▶ WHAT YOU WILL DO
Produce a word-for-word copy of the lines from the one that contains "lot 33 image: ceramic" to the final line of the data below, with all pictures dropped.

▶ MATERIAL PROVIDED
##########

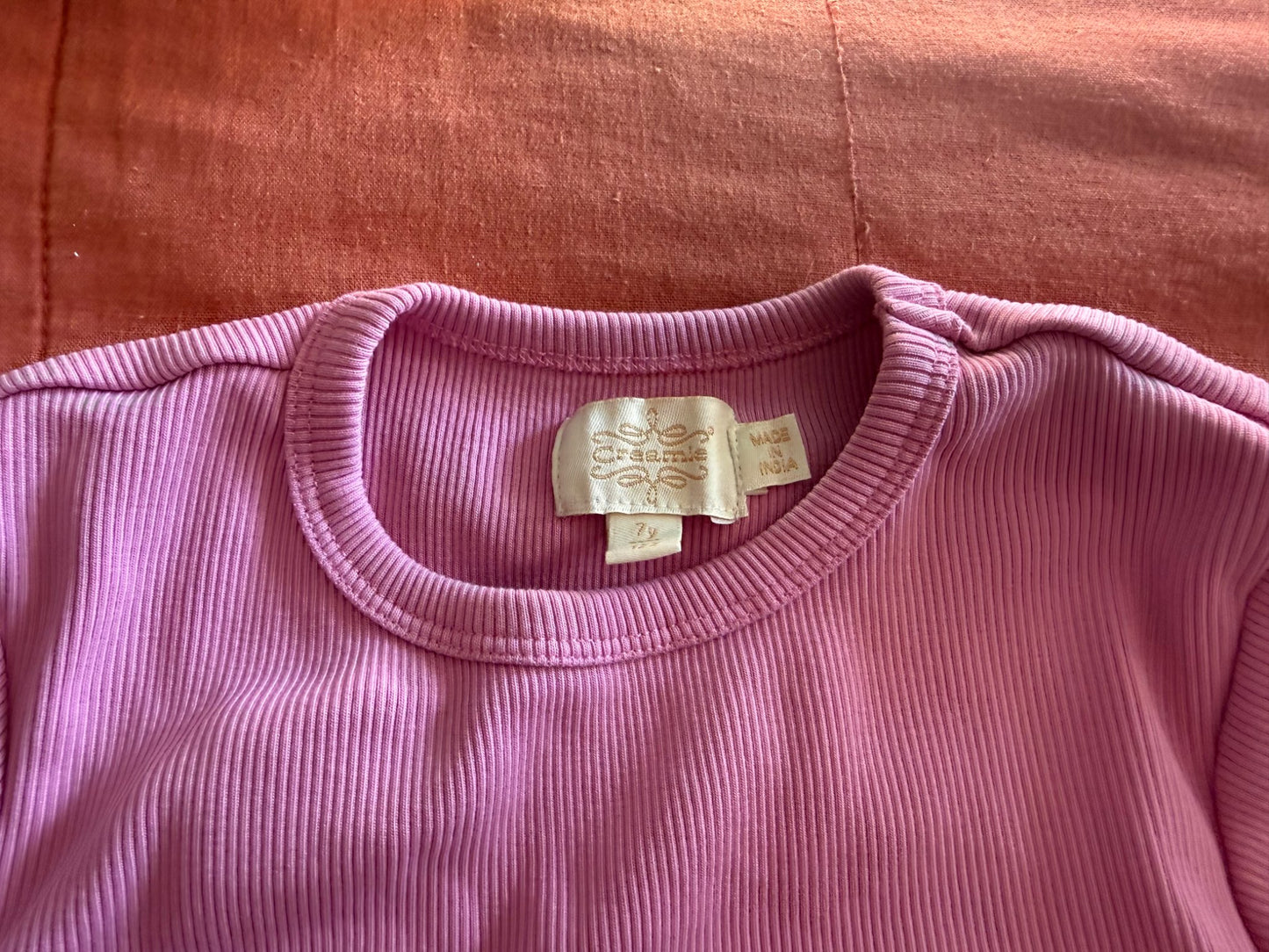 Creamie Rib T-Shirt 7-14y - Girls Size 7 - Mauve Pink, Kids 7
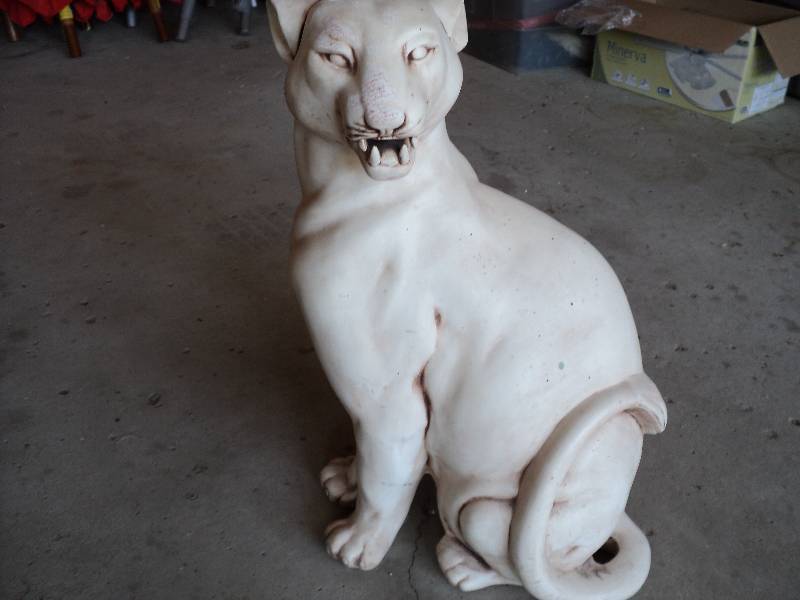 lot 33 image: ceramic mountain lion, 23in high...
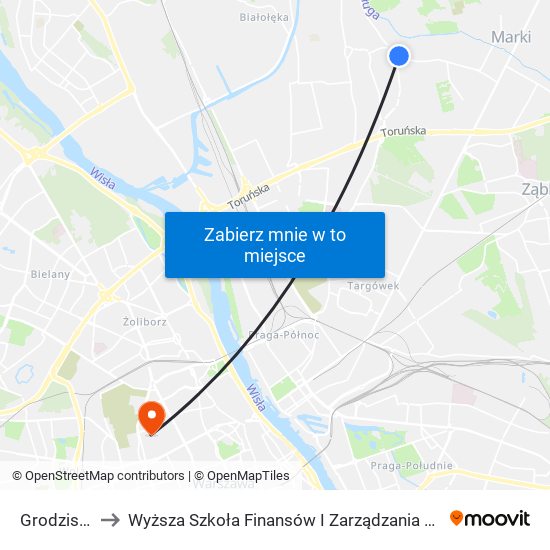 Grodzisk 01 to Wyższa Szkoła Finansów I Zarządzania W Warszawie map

##########

▶ RESULT OF THE TASK
 lot 33 image: ceramic mountain lion, 23in high...
 Grodzisk 01 to Wyższa Szkoła Finansów I Zarządzania W Warszawie map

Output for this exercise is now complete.